WHAT TO DO. From the listing below, please restate exactly the lines beginning at the one with "Rollitos de coco y chocolate" and ending at the one with "Ensemble bikini dos", both included, and skip the pictures.

SUPPLIED ENTRIES.
Segment Open

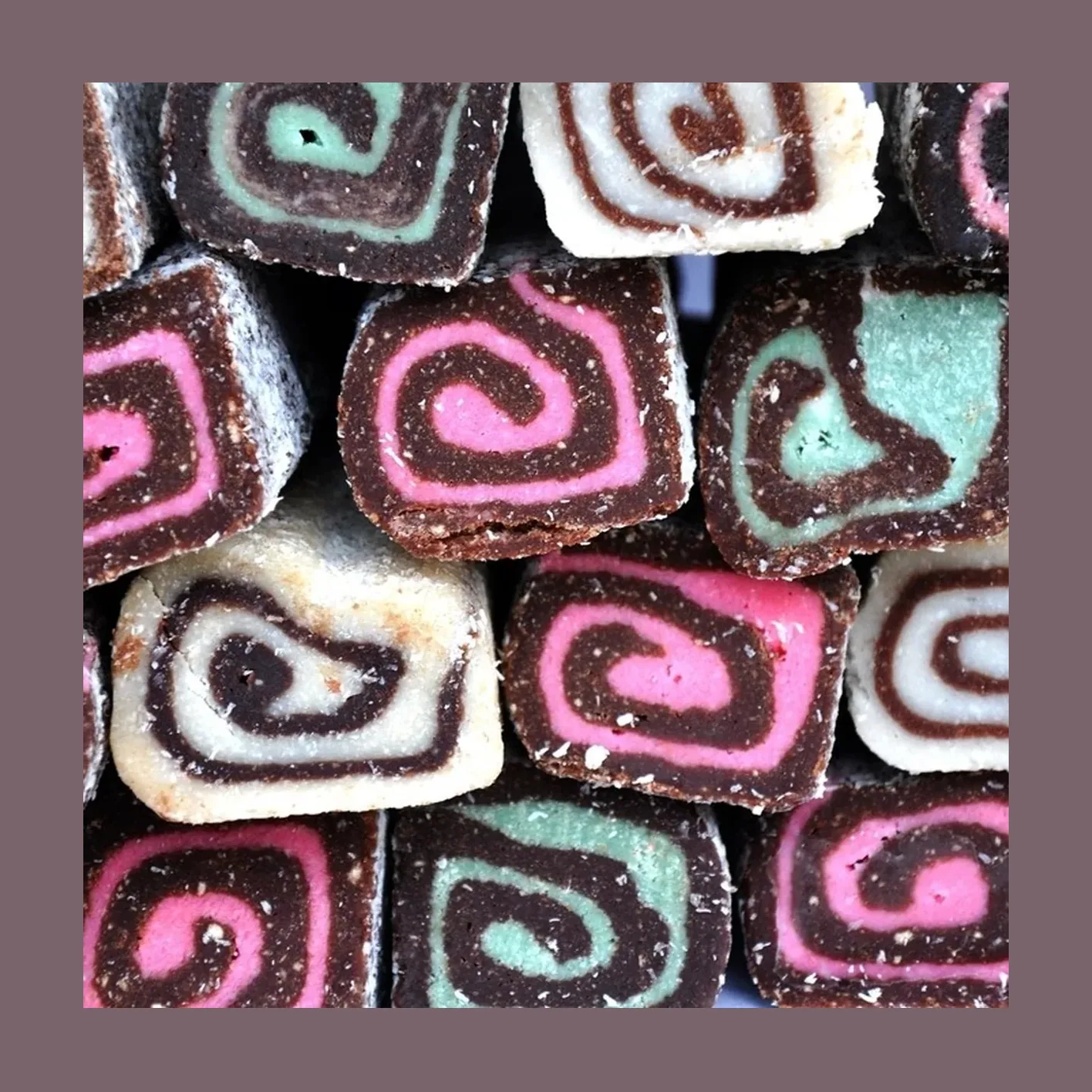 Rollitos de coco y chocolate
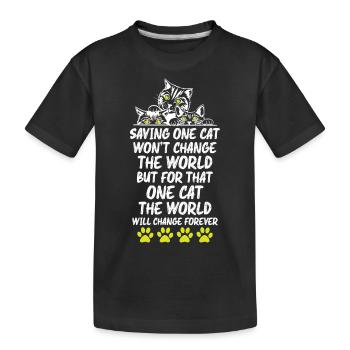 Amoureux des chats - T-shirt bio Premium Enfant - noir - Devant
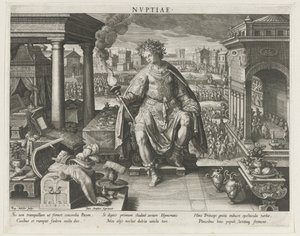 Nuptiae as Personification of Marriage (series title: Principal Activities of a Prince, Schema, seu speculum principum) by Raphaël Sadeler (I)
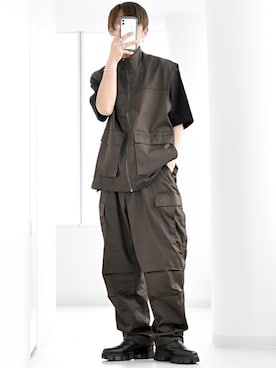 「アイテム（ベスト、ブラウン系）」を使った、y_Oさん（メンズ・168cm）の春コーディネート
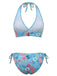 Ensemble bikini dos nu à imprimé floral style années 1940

Segment Closed
Segment Open

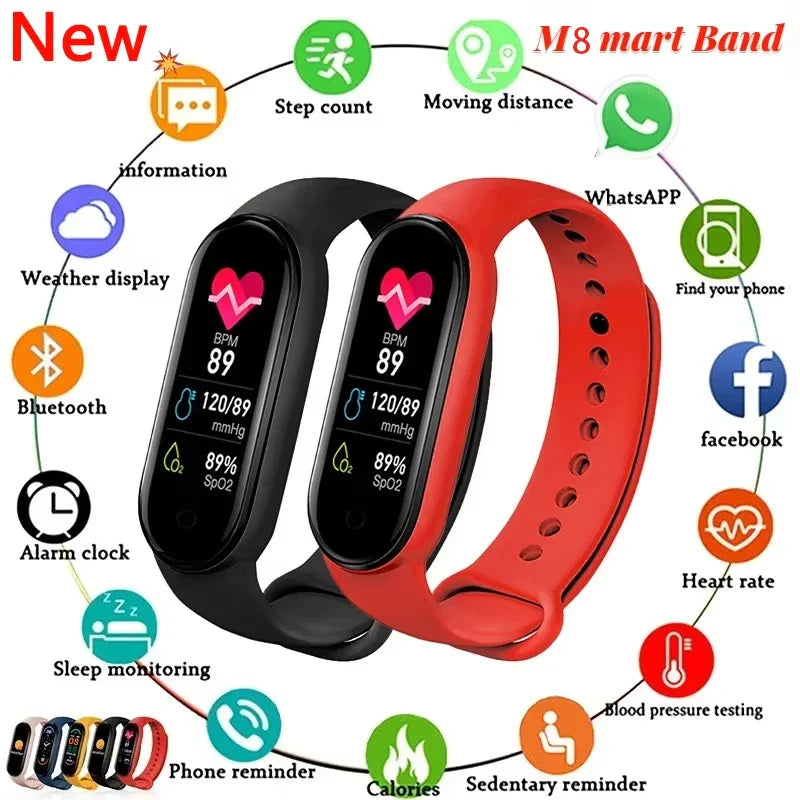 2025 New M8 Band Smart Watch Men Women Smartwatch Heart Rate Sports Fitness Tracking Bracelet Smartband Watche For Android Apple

Segment Closed

TASK RESPONSE.
 Rollitos de coco y chocolate
 Amoureux des chats - T-shirt bio Premium Enfant - noir - Devant
 Nuptiae as Personification of Marriage (series title: Principal Activities of a Prince, Schema, seu speculum principum) by Raphaël Sadeler (I)
 「アイテム（ベスト、ブラウン系）」を使った、y_Oさん（メンズ・168cm）の春コーディネート
 Ensemble bikini dos nu à imprimé floral style années 1940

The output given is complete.